Search Text Against Images (Cross-Modal)
OpenCLIP-family models carry both a vision tower and a text tower in the same checkpoint, with both towers projecting into a shared latent space. That means a text query embedded with the text tower lives in the same vector space as image embeddings produced by the vision tower — vector search against an image corpus accepts a text query directly, no separate text encoder, no projection bridge.
This recipe shows the full path: index images with the vision tower, embed a text query with the text tower, run search().

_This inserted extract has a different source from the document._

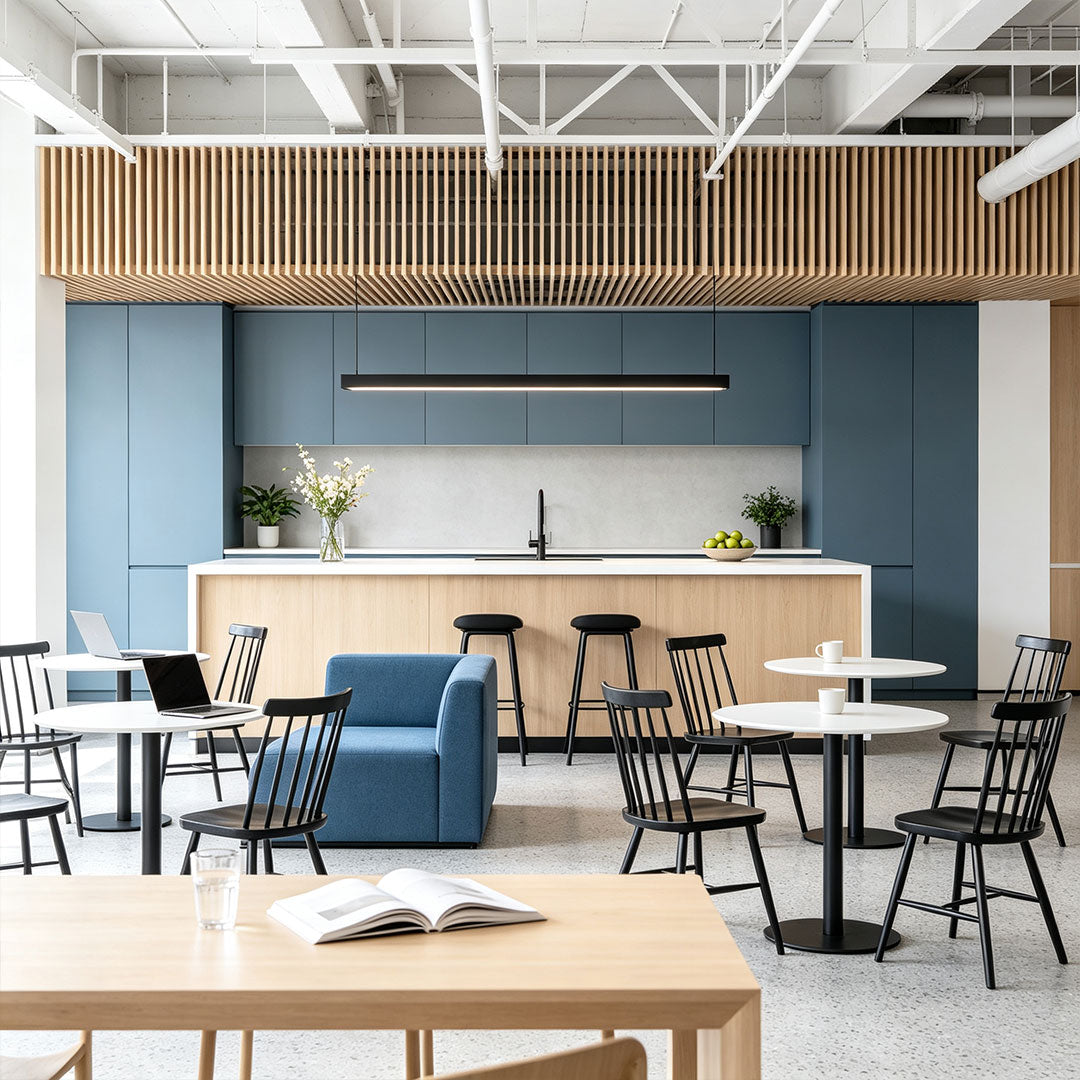 Contemporary linear suspension light enhancing a modern café and lounge area.
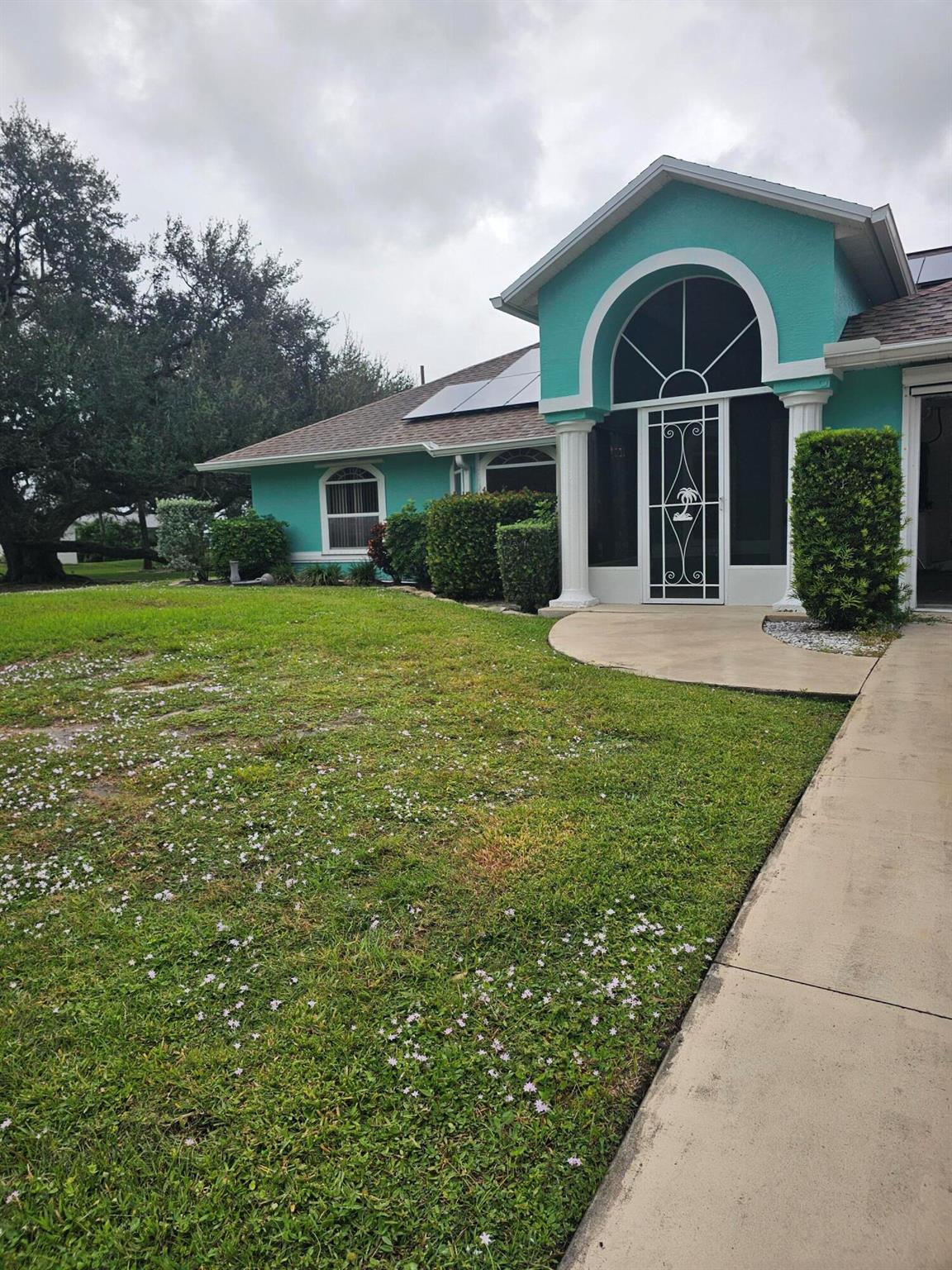 Wow - Stop!  This is it- home has it all!  This gorgeous pool home with screened lanai is ready for its new owner.  The lengthy list of amenities includes... AC in garage, dbl lot, 2 storage sheds, SOLAR PANELS that generate enough elect. for the entire home,  Fresh paint, new AC, New shower in 2nd ba, and a water condi. sys., just to name a few.  The owners suite is complete with en suite bath that includes double sink in granite topped vanity,  jacuzzi tub, separate shower and WIC.  There are 2 other nice sized bedrooms as well.  The kitchen is the center of the home and includes gorgeous cabinetry, stainless steel appliances and tiled backsplash. There is a formal living as well as den and a formal dining room, perfect for upcoming holiday gatherings. NO HOA!  Roof is 2017.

1. Index the image corpus with the vision tower
Rust
#![allow(unused)]
fn main() {
extern crate jammi_db;
extern crate jammi_ai;
extern crate tokio;
use jammi_ai::session::InferenceSession;
async fn ex(session: &InferenceSession) -> jammi_db::error::Result<()> {
session.generate_image_embeddings(
"figures",
"laion/CLIP-ViT-B-32-laion2B-s34B-b79K",
"image", // column containing image data
"figure_id", // key column
).await?;
Ok(()) }
}
Python
db.generate_image_embeddings(
source="figures",
model="laion/CLIP-ViT-B-32-laion2B-s34B-b79K",
image_column="image",
key="figure_id",
)
2. Embed a text query with the same model’s text tower
encode_text_query dispatches to the OpenCLIP text tower when the model ID resolves to an OpenCLIP checkpoint. The output vector dimensionality matches embed_dim — the same dim the image embeddings carry.
Rust
#![allow(unused)]
fn main() {
extern crate jammi_db;
extern crate jammi_ai;
extern crate tokio;
use jammi_ai::session::InferenceSession;
async fn ex(session: &InferenceSession) -> jammi_db::error::Result<()> {
let query_vec = session
.encode_text_query(
"laion/CLIP-ViT-B-32-laion2B-s34B-b79K",
"a red circle on a white background",
)
.await?;
// query_vec: Vec<f32>, L2-normalized, same length as the image embedding vector
Ok(()) }
}
Python
query_vec = db.encode_text_query(
"laion/CLIP-ViT-B-32-laion2B-s34B-b79K",
"a red circle on a white background",
)
3. Search image embeddings with the text vector
Rust
#![allow(unused)]
fn main() {
extern crate jammi_db;
extern crate jammi_ai;
extern crate tokio;
use std::sync::Arc;
use jammi_ai::session::InferenceSession;
async fn ex(session: Arc<InferenceSession>, query_vec: Vec<f32>) -> jammi_db::error::Result<()> {
let results = session.search("figures", query_vec, 10).await?.run().await?;
Ok(()) }
}
Python
results = db.search("figures", query=query_vec, k=10).run()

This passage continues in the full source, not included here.